Forte disparité au sein de l’Union européenne
Dans un autre registre, le rapport explique que les pays européens ne sont pas égaux devant le numérique. En 2014, les entreprises en Finlande, Suède et Danemark étaient plus de 30 % à utiliser des services de cloud.
À cette époque, la moyenne européenne était un peu en dessous des 20 %, et la France était en bas du classement, dépassant à peine les 10 %… En 2018, tout le monde a gagné des points, mais le trio de tête reste le même : plus de 55 % pour la Suède et le Danemark et même 65 % pour la Finlande, qui arrive largement en tête.

De son côté, La France s’approche doucement des 20 %. Elle se place ainsi en dessous de l’Allemagne, l’Espagne et la Slovaquie, et au-dessus de la Hongrie, la Lituanie et la Grèce. On reste encore en dessous de la moyenne européenne, qui dépasser les 25 %.

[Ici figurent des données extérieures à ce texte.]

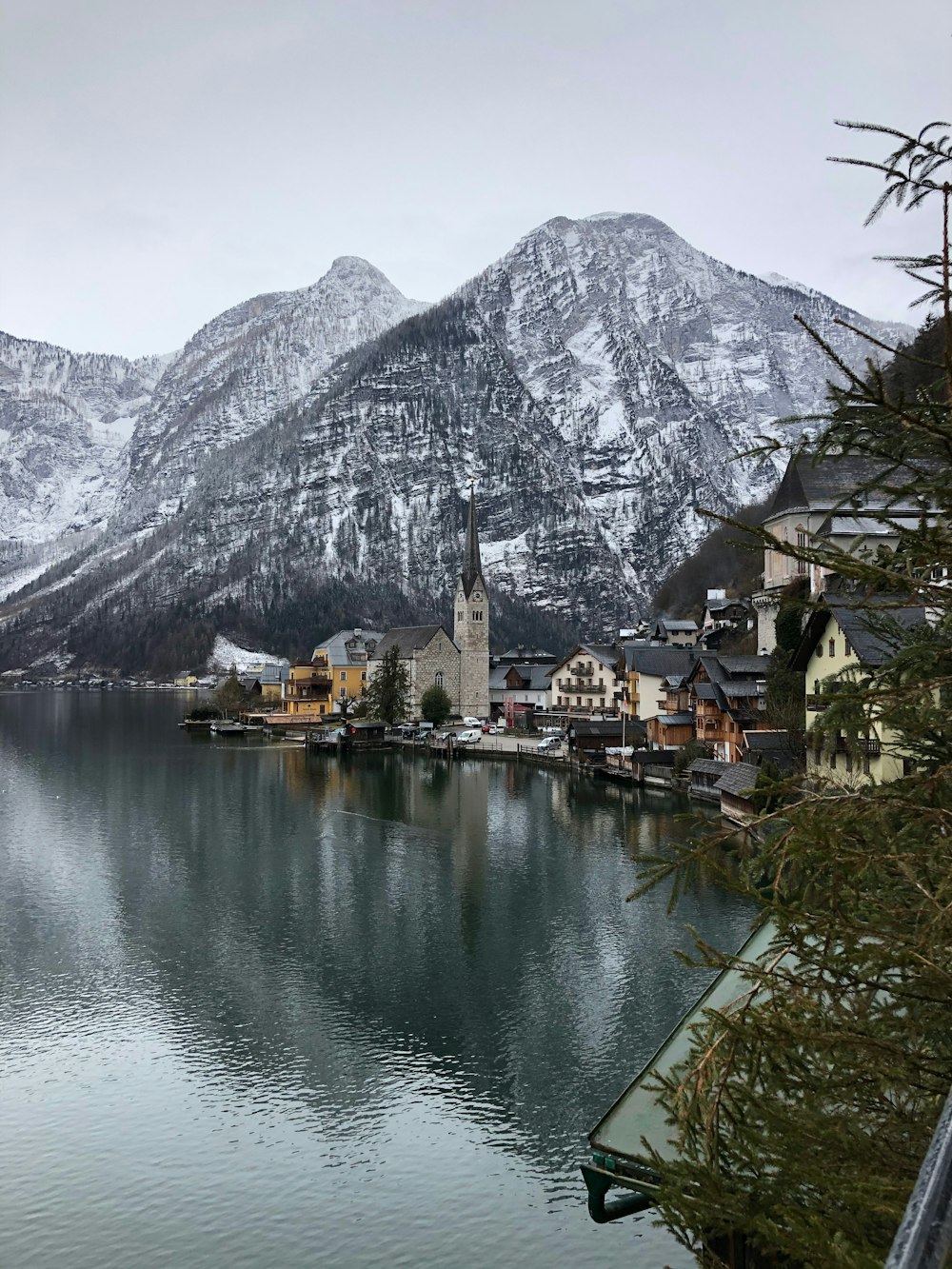 houses near lake and mountain during daytime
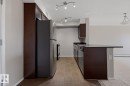 Kitchen featuring dark wood-finish cabinetry, stainless steel appliances, dark countertops, and track lighting - 303 11804 22 Avenue, Edmonton, AB  - Indoor Photo Showing Kitchen 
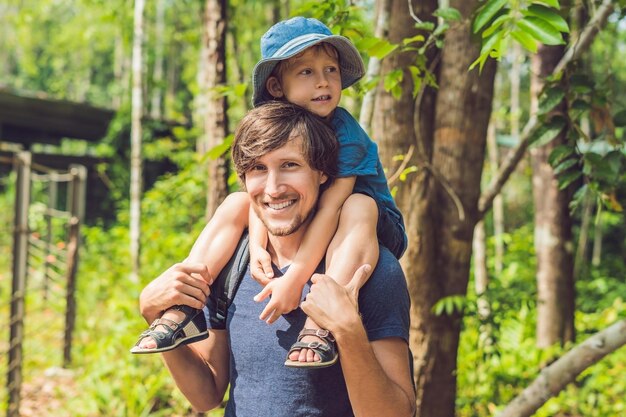 Pai feliz e filho andando no parque de verão. adoção e conceito de pessoas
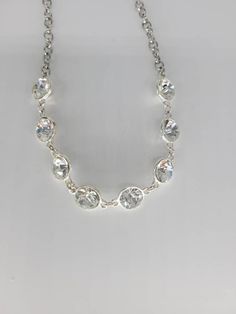 "Unique glass crystal charm Necklace with a silver chain. Great for gifts for weddings bride bridesmaids mothers day or just to say your special. Has a 3\" extension with a lobster claw clasp.  Measurements: chain 18\" charms 1/4\" extensions 3\"" Sparkling Rhinestone Necklace For Gift, Sparkling Rhinestone Necklace For Anniversary, Dazzling Crystal Rhinestone Necklace As Gift, Dazzling Sparkling Rhinestone Necklace For Anniversary, Gift Crystal Rhinestone Necklace With Sparkling Stones, Gift Rhinestone Crystal Necklace With Sparkling Stones, Sparkling Crystal Rhinestone Necklace Gift, Glamorous Crystal Rhinestone Necklace As Gift, White Rhinestone Round Necklace For Party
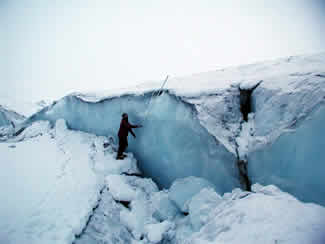 Peter Haeussler prepares to measure the offset of a crevasse on the Canwell Glacier. (U.S. Geological Survey)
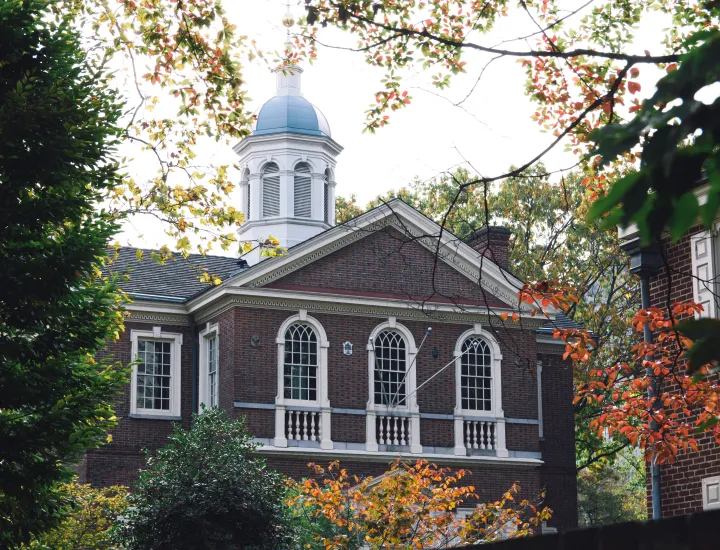 Exterior of Carpenters' Hall on a fall day with fall foliage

Le rapport regrette que certains pays – l’Autriche, le Royaume-Uni, la Slovaquie et l’Italie par exemple – ne prennent pas en compte les aspects environnementaux dans leurs feuilles de route sur le numérique. La Commission souhaite donc que les plans numériques nationaux incluent « à l’avenir des critères d’efficacité énergétique pour les services d’informatique en nuage, afin de faire de cet aspect important une priorité politique ».
« L’examen des plans d’action nationaux des États membres de l’UE et des Marchés publics écologiques a révélé que la thématique "efficacité énergétique des services d’informatique en nuage et des centres de données" n’a été reprise dans aucun de ces plans d’action nationaux ni dans aucun des ensembles de critères examinés » précise le rapport. Pour la Commission, il s’agit de « lacunes au niveau des États membres ».
Reste maintenant à voir si elle va sévir… avec plus ou moins de fermeté.